The patent also provides some alternatives regarding how blog posts might be displayed in search results.

Take aways

I find myself wondering if any of the listed inventors on this newly granted patent had been bloggers before the time that they wrote it. I find myself breaking a few of the rules above.

For example, it seems reasonable to link, like I did at the start of this post, to previous posts on this domain about how Google might be ranking posts in blog search.

I did write one post last summer where I provided a little over 1,000 links to patents at the USPTO that Google had been assigned by the USPTO. It made sense to do so at the time.

In my last post, I embedded a video from YouTube (a Google property) of a presentation from Google’s Director of Research, Peter Norvig.

The idea that Google might explore a number of different heuristics to determine when to filter posts out of blog search makes sense though, and basing them upon categories such as topicality, quality, freshness, and significance feels right.

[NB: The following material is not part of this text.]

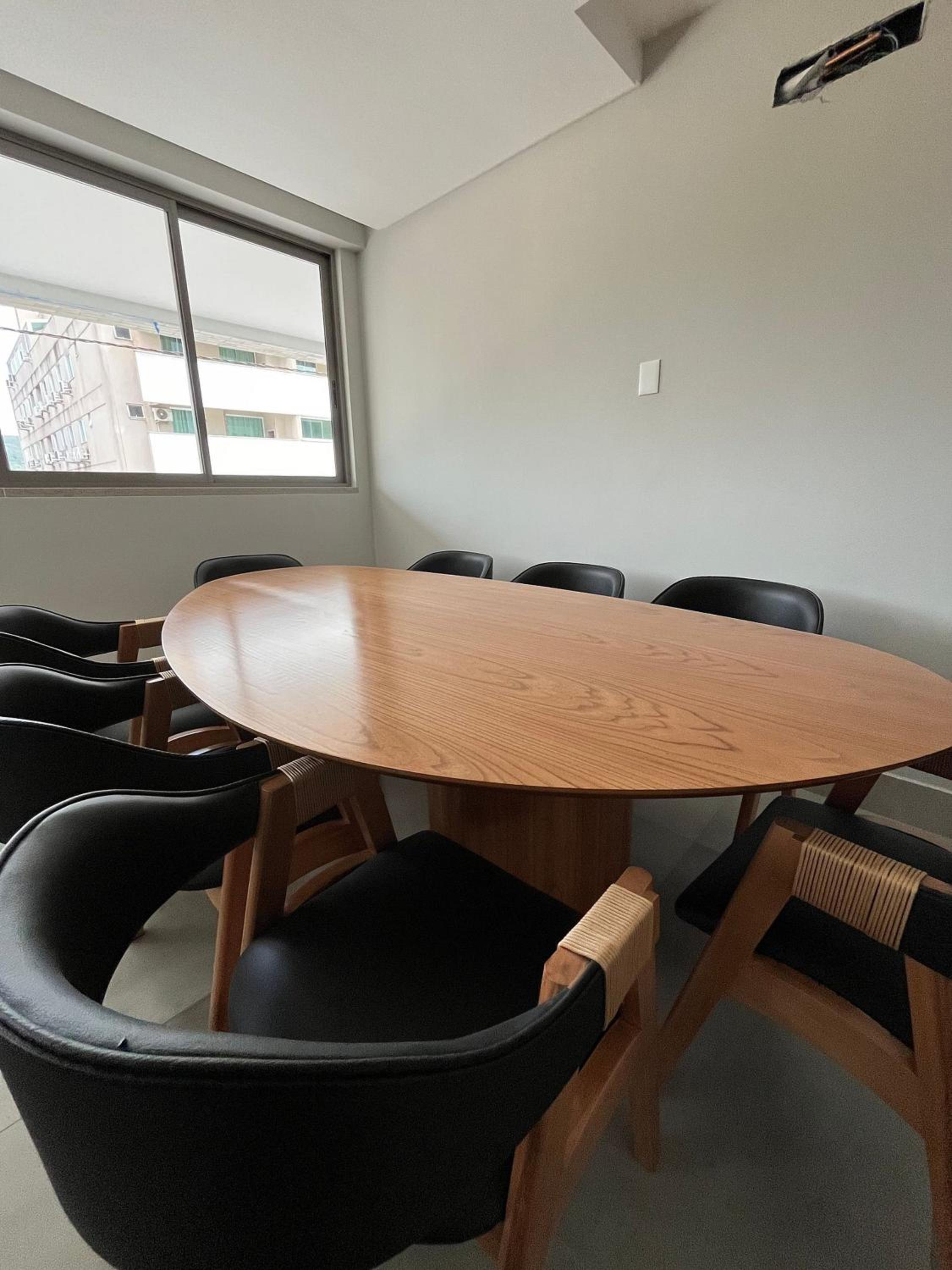 Elegance Apartamentos 1 quarto para 4 pessoas em Bombinhas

The last couple of heuristics I wrote about, involving whether posts might involve political slants or opinions seems more like a decision to include diverse results based upon some kind of sentiment analysis.

I did perform a number of searches at Google’s blog search while writing this post, and I can’t say that I’m really satisfied with the results I was receiving.

Share

93 thoughts on “How Google Might Filter Blog Posts from Google Blog Search”

  1. Hi Bill,

    Really concerned here, when i look at the image from the flowchart and see the “Reject Blog Post” it seems that majority of the Blogs in the world wide web should be rejected.

    Also linking to other posts within the website or as i call it content siloing is something that a lot of SEOs have been practicing for such a long time, the basic concept being that those links provide entry points for the search engine spiders to crawl more pages of the website.

    I am also not too convinced about other rules that they have defined in the patent.

    Over all the whole patent seems to be heading in the wrong direction and as you rightfully stated the authors of the patent do not have a blog of their own and that is why are being so harsh.

    – Sajeet

  2. This is quite a worrying sign for new bloggers. Those that have built up credibility already should be OK, but new guys coming in won’t have many inbound links to their pages, and it’s going to be very difficult to get seen in the first place if your blog is filtered out by these arbitrary rules.

    It also seems to go against the recent freshness update, no? New blog pages will have many fewer links than older posts…

    Perhaps I’m just over reacting.

  3. I mourn the day WordPress switched to using Google Blogsearch rather than the then useful but not perfect Technorati
    Technorati eventually stopped innovating in that direction (as it wasn’t making them money) and Google’s results have only got worse over time.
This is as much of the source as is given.